There are two main types of PV—traditional crystalline silicon and newer thin-film PV. In 2010, crystalline silicon production was more than double the output of 2009, accounting for over 80 percent of all PV produced. While thin-film production did not keep pace, it still grew by more than 60 percent. First Solar, a U.S. firm, maintained its leadership role in thin-film production, accounting for over 40 percent of world output, most of it produced in Malaysia. 

Data provided to Earth Policy Institute by GTM Research show that Chinese manufacturers again dominated the global industry in 2010, with close to 11,000 megawatts of PV cell production. (See data at www.earth-policy.org.) This was the seventh consecutive year in which China at least doubled its PV output. Taiwan was a distant second with 3,600 megawatts produced, followed by Japan with 2,200 megawatts, Germany with 2,000 megawatts, and the United States with 1,100. The top five countries thus accounted for 82 percent of total world PV production. 

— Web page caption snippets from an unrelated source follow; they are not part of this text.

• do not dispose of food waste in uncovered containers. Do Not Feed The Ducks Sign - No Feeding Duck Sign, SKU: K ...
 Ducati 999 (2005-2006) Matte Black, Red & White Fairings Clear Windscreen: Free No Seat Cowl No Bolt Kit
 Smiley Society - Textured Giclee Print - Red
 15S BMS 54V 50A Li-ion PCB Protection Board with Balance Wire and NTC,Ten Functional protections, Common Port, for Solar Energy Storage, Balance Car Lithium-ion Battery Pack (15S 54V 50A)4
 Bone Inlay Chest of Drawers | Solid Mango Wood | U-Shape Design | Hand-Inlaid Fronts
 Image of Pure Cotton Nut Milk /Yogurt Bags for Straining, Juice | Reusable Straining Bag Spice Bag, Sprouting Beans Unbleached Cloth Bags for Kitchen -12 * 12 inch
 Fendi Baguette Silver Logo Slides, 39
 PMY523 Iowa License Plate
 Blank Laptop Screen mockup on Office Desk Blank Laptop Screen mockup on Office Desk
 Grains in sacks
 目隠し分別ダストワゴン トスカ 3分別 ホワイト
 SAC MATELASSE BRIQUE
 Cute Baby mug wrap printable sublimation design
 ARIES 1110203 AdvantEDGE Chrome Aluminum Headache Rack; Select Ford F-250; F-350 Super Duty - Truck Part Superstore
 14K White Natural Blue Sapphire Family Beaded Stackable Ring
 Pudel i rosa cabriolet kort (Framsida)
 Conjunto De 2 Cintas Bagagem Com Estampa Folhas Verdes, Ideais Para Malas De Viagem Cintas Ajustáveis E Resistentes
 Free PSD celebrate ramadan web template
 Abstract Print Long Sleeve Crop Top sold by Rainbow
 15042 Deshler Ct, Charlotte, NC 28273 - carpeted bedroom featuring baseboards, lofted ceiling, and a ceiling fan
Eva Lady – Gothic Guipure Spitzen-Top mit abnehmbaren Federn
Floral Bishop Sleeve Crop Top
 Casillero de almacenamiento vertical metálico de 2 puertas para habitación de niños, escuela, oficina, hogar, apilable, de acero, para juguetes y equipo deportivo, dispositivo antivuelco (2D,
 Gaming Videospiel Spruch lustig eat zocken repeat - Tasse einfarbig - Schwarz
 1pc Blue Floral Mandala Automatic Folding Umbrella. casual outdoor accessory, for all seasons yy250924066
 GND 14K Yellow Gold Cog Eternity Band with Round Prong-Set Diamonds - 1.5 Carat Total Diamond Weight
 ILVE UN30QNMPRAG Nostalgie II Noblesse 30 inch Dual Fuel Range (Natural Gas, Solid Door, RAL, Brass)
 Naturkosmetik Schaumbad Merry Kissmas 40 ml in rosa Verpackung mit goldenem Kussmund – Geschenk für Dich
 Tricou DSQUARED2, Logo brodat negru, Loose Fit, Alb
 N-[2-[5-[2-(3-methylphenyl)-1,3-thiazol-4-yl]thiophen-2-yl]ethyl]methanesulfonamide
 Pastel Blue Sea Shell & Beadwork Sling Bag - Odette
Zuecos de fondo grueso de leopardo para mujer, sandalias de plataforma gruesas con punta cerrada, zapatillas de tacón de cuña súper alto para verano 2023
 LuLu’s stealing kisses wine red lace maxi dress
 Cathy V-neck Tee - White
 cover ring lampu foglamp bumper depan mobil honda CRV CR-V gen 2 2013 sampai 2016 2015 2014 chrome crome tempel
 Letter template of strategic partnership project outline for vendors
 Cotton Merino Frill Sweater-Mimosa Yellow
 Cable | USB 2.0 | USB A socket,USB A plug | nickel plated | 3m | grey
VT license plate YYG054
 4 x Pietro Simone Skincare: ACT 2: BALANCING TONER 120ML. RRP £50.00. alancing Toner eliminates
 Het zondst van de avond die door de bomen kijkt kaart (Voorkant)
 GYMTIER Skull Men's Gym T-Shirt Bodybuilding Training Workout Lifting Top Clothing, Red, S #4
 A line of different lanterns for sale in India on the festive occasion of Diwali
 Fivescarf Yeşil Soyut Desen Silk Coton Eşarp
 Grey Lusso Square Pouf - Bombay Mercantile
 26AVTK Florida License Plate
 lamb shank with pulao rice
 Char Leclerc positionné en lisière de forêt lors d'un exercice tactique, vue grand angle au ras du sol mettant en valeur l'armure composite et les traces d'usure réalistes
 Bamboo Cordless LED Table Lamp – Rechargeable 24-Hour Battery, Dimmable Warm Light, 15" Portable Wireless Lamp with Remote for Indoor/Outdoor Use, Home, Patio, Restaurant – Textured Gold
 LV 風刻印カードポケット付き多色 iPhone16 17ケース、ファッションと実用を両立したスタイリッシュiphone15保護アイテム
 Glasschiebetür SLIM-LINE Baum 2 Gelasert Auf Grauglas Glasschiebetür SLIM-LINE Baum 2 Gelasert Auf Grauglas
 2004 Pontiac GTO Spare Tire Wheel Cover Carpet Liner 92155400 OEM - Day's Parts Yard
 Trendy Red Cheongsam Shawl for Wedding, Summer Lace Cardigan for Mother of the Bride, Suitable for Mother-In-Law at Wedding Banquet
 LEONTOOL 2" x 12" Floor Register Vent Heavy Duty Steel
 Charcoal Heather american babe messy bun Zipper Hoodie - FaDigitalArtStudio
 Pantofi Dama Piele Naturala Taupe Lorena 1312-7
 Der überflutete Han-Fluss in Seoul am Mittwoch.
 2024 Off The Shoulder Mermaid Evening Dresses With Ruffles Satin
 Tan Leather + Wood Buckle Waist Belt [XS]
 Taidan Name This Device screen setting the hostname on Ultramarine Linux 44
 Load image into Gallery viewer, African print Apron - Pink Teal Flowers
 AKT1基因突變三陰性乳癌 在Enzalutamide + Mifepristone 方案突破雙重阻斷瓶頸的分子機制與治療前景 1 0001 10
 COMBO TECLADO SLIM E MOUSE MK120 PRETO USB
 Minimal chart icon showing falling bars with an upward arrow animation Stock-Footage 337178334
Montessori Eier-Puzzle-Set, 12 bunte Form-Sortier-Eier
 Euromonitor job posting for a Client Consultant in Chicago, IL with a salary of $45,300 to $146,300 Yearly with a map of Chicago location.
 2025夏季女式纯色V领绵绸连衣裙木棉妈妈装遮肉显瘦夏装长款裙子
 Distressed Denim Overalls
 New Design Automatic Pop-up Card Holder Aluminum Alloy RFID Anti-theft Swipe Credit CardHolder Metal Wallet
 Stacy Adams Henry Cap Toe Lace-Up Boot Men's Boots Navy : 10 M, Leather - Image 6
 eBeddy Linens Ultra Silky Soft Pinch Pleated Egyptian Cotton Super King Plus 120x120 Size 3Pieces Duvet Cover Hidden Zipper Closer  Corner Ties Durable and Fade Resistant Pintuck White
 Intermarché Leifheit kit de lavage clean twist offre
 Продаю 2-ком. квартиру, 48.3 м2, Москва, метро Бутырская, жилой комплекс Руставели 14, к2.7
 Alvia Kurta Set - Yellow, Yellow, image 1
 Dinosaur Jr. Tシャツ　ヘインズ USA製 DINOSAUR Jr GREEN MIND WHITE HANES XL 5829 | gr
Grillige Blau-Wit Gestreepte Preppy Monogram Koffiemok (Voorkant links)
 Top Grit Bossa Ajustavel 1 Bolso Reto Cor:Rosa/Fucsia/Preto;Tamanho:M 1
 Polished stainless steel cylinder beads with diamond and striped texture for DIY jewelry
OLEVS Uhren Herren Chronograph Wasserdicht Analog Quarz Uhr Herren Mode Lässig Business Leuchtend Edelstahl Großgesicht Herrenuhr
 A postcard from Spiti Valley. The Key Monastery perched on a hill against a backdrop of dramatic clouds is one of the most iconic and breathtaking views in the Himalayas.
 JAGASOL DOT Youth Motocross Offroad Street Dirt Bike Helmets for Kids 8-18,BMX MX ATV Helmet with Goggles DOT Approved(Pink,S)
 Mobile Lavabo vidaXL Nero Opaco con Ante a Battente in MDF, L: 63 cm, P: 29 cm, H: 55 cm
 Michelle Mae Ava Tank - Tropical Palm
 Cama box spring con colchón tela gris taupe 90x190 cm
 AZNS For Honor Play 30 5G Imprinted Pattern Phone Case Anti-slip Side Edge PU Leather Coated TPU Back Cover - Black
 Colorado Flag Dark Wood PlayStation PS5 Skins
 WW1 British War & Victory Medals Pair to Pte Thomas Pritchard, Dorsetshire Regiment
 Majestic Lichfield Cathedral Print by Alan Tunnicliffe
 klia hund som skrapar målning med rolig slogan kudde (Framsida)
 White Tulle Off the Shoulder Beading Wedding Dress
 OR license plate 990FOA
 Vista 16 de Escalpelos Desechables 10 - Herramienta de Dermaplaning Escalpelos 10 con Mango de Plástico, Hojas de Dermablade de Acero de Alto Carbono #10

While Germany ranks fourth in solar cell manufacturing, it towers above all other countries in terms of actual electricity generation from solar panels. Germany has widened its lead in this category each year since overtaking Japan in 2004 and, after adding 7,400 megawatts in 2010, now boasts 17,200 megawatts of installed PV. This is more than 40 percent of global capacity and over four times the 3,800 megawatts in Spain, the number two country. PV in Germany now generates enough electricity to meet the power demand of some 3.4 million German homes.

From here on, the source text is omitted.